België – Raad Voor Vreemdelingenbetwistingen, 22 Juli 2010, Nr. 46.578

Land van besluit:
Land van herkomst:
Date of Decision:
22-07-2010
Citation:
Nr. 46.578
Court Name:
Raad Voor Vreemdelingenbetwistingen
Printer-friendly versionPrinter-friendly versionPDF versionPDF version
Kop: 

De RVV oordeelde dat uit de Kwalificatierichtlijn duidelijk blijkt dat er inzake intrekkingsgronden een onderscheid is tussen de verschillende beschermingsstatussen en dat uit niets blijkt dat de Belgische wetgever hiervan wilde afwijken. De subsidaire bescherming kan dus worden ingetrokken op grond van een “ernstig misdrijf” dat gepleegd werd na de toekenning van de bescherming.

Feiten: 

X, van Iraakse nationaliteit, kreeg in 2008 de subsidiaire beschermingsstatus toegekend. In 2009 werd hij in België veroordeeld tot 30 maanden gevangenisstraf voor het verhandelen van heroïne. Als gevolg daarvan trok het CGVS zijn subsidiaire beschermingsstatus weer in. X tekende beroep aan tegen deze intrekking.

Besluit en motivering: 
Het debat dat voor de RVV gevoerd werd had betrekking op de vraag of een “ernstig misdrijf” dat gepleegd werd na de toekenning van de subsidiaire beschermingsstatus ook aanleiding kan geven tot intrekking van die status, dan wel of die intrekking enkel kan op grond van een misdrijf dat gepleegd werd voor de toekenning ervan (maar dat niet gekend was op het ogenblik van toekenning). De Belgische wetgeving, meer bepaald art. 57/6 van de Vreemdelingenwet, dat een omzetting is van art. 19 van de Kwalificatierichtlijn, bleek niet eenduidig.

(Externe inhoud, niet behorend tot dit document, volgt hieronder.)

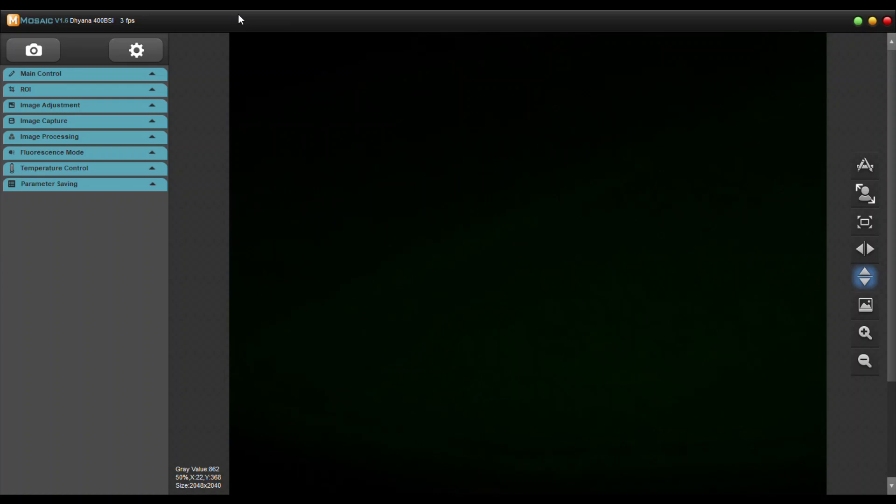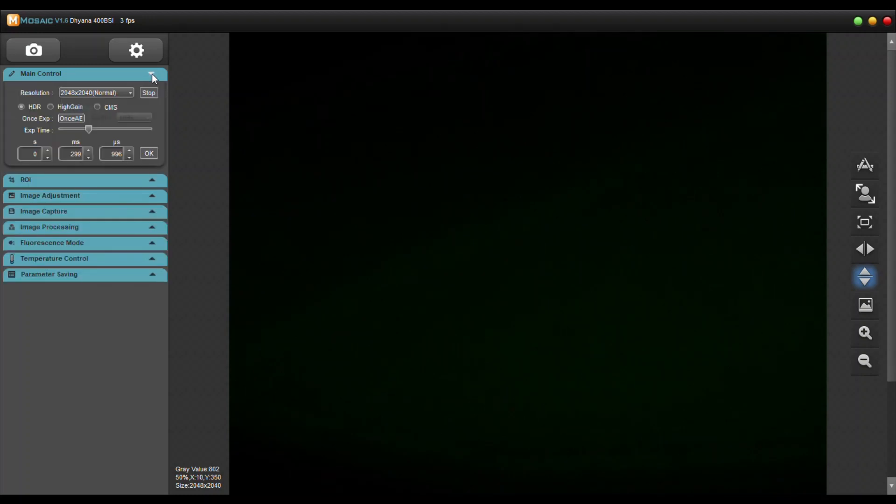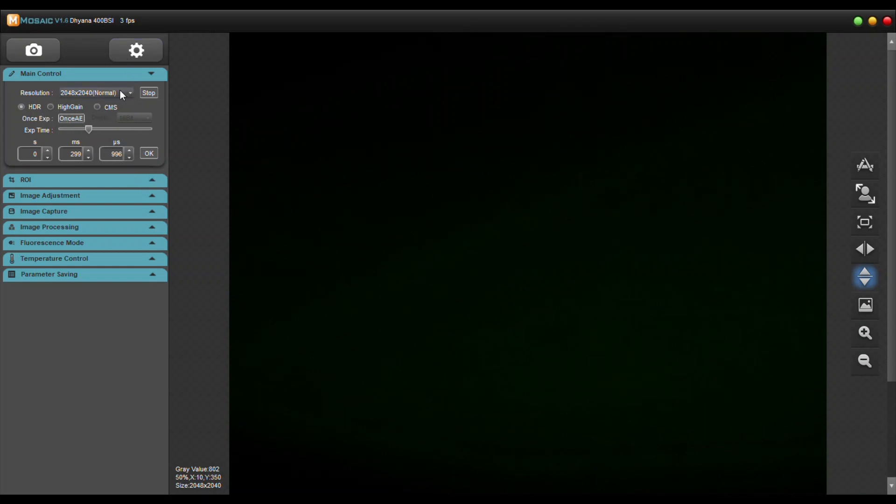I find this software to be some of the easiest software that I've used. You have your main control panel with auto adjustment for exposure. You can click HDR, high gain, CMS. You can change your resolutions.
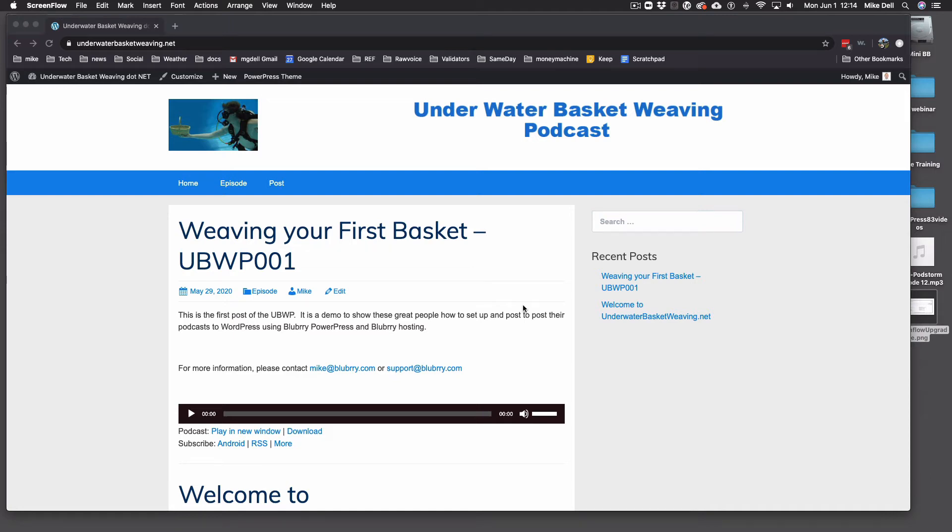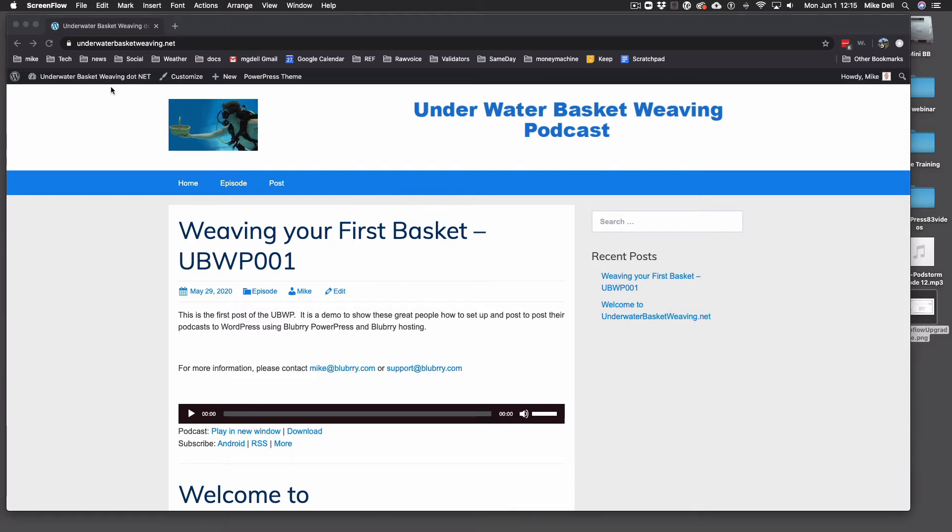Once you've already signed up for some sort of service over at Blueberry.com, either the free statistics, the paid pro statistics, or podcast hosting, then you need to link your WordPress site in PowerPress to Blueberry to start using those services from PowerPress.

X voerde aan dat art. 57/6 Vw. minder ver reikt dan de Kwalificatierichtlijn en impliceert dat de subsidiaire bescherming enkel kan worden ingetrokken wanneer zou blijken dat de vreemdeling eigenlijk van deze status had moeten uitgesloten zijn (op basis van feiten van voor de toekenning); het is de Belgische wetgever immers toegelaten om een meer gunstige bepaling aan te nemen dan de richtlijn aangeeft en dit was volgens X de bedoeling van de Belgische wetgever. X werd in deze interpretatie gesteund door een advies van de UNHCR-vertegenwoordiger in België.

De RVV volgde echter de stelling van het CGVS en oordeelde, op grond van een studie van art. 2(e), 17 en 19 van de Kwalificatierichtlijn en een lezing van de voorbereidende werken van de Belgische wetgever, dat de bepalingen van art. 17(1) en (2) imperatief zijn, zodat geen gunstigere norm kan worden toegestaan. De RVV besloot dat in het geval van de toepassing van art. 17(1) en (2) en art. 19(3)(a) en (b) dan ook geen gunstigere normen kunnen worden vastgesteld bij de omzetting naar Belgisch recht en dat dit ook niet de bedoeling was van de Belgische wetgever. In het geval van uitsluiting van de subsidiaire beschermingsstatus omwille van een “ernstig misdrijf” wordt in de Kwalificatierichtlijn op geen enkele manier enige plaats en tijdsaanduiding gegeven. Uit de richtlijn bleek volgens de RVV duidelijk dat er inzake intrekkingsgronden een onderscheid is tussen de verschillende beschermingsstatussen en uit niets blijkt dat de Belgische wetgever dit anders wilde implementeren. De CGVS was dus wel degelijk bevoegd om de subsidiaire beschermingsstatus in te trekken op grond van een “ernstig misdrijf” gepleegd na de toekenning van het statuut.

De RVV stelde evenwel ook vast dat het CGVS (op grond van art. 49/2 (5) Vw.) verplicht is om bij het nemen van een dergelijke beslissing een advies te verstrekken over de vraag of een verwijderingmaatregel naar het land van herkomst in overeenstemming is met art. 3 EVRM. In casu was dit niet gebeurd, zodat aan de beslissing van het CGVS een substantiële onregelmatigheid kleefde die door de RVV niet kon worden hersteld. De beslissing moest dan ook worden vernietigd.
Uitkomst: 

De bestreden beslissing werd vernietigd en de zaak werd teruggezonden naar het CGVS voor een nieuwe beslissing.